Сорок пять, будто солью, кристаллом во мне сконцентрировались,
Не заметно, как временем скрыты следы остальных тридцати.

Я просил у мгновений: "Замрите, как только вы СМЕНИТЕСЬ
С восхожденья на спуск и пойдёте вдоль слаломных трасс.
Пусть Земля вокруг Солнца вьёт нитей клубок – свои СЕМЬДЕСЯТ.
Я застыну во времени, впав в "солитоновый" транс.

Я в себе культивировал способ РАЗВРЕМЕНЕНИЯ,
Очертив круг желаний, бродил, словно кот по цепи,
Левитацией грезил, давал сам себе заверения,
Что создам антиполе, чтоб вес от Земли отцепить.

Я не верил, что людям легко превратиться в зверьё,
Если деньги велят или чьи-то инстинкты взбесились.
Но в театре абсурда не сразу поймёшь, что всерьёз -
Все герои подвластны одной сверхъестественной силе.

Я был внешне инертен, но мозг мой вступал в резонанс
С окружающим миром: то скроется мысль, то прорвётся!
Я в стихах умирал, чтобы в душах живых возродясь,
В стихотворный Некрополь порой возвращаться к праотцам.

Март 2005 г. (новая редакция – 2010 г.)

Эвакуация из прошлого

Пусть иные гадают: первичен ли дух?
И каким сроком жизнь "во плоти" ограничена?
Ясно то, что дух вечен, что к нам он является в двух
Фазах: прошлой и будущей – в смене биенья ритмичного.

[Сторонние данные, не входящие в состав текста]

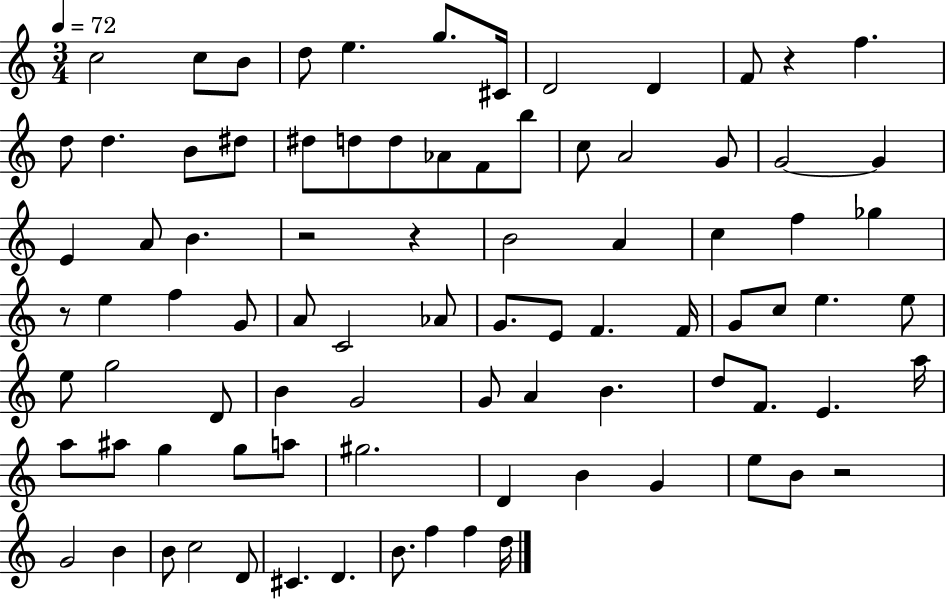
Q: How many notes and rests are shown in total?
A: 87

Вы ребёнком – "красавчиком" слыли, бесспорно, в семь лет.
А к преклонным годам Ваша плоть, как селёдка, искромсана!
Суть проста: Вы вселились в иной организм на Земле,
А ребёнок вновь жив – он опять обрёл душу из Космоса!

* * *

Чем так страдать от времени – круговращенья пошлого,
Не лучше ль переулками московскими бродить враскачку?
Я каждый день эвакуирую себя из прошлого.
Толкаю тело своё в будущее, как садовник – тачку!

Представим: время мчится вспять и годы не ушли!
Оставить тело, как личинку – бабочка, и молодеть с летами?
Фантазий много, – пусть воображенье шалит!
Ведь не случайно мы, как в детстве, в сновиденьях летаем.